RECORDS TO USE Block Start

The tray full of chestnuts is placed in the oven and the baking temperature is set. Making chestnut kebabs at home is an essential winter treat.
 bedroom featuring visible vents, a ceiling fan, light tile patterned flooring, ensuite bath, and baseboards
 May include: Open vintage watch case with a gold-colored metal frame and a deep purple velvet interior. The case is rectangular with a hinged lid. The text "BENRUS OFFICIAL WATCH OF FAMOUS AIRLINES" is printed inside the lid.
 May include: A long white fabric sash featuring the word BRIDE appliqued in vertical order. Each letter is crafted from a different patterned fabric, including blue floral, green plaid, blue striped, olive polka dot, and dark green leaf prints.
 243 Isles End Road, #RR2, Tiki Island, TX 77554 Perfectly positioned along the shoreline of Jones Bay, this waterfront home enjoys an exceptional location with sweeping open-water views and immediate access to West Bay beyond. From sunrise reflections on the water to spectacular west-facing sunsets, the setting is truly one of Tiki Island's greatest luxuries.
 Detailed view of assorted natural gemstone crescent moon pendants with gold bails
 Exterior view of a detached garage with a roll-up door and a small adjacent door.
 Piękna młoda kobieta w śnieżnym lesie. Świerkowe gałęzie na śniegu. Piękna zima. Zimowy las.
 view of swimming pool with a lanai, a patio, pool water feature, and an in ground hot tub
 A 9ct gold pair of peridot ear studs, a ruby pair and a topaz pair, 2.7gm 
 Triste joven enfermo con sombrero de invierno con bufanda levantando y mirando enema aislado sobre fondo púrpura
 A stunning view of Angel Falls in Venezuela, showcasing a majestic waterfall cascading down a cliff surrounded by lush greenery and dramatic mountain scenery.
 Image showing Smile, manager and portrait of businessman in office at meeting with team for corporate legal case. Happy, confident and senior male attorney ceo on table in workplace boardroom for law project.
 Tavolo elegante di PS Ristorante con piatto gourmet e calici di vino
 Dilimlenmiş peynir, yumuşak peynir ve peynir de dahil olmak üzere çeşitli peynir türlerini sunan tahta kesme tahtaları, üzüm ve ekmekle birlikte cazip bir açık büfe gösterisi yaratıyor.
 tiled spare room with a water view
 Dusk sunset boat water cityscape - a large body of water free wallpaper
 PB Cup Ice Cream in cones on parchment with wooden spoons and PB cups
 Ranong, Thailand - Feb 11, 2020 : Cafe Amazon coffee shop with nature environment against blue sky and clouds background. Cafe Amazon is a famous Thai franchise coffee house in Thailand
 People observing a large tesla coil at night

RECORDS TO USE Block End

EXERCISE: From the data above, show each line that contains "blue".

OUTPUT:
 May include: A long white fabric sash featuring the word BRIDE appliqued in vertical order. Each letter is crafted from a different patterned fabric, including blue floral, green plaid, blue striped, olive polka dot, and dark green leaf prints.
 Ranong, Thailand - Feb 11, 2020 : Cafe Amazon coffee shop with nature environment against blue sky and clouds background. Cafe Amazon is a famous Thai franchise coffee house in Thailand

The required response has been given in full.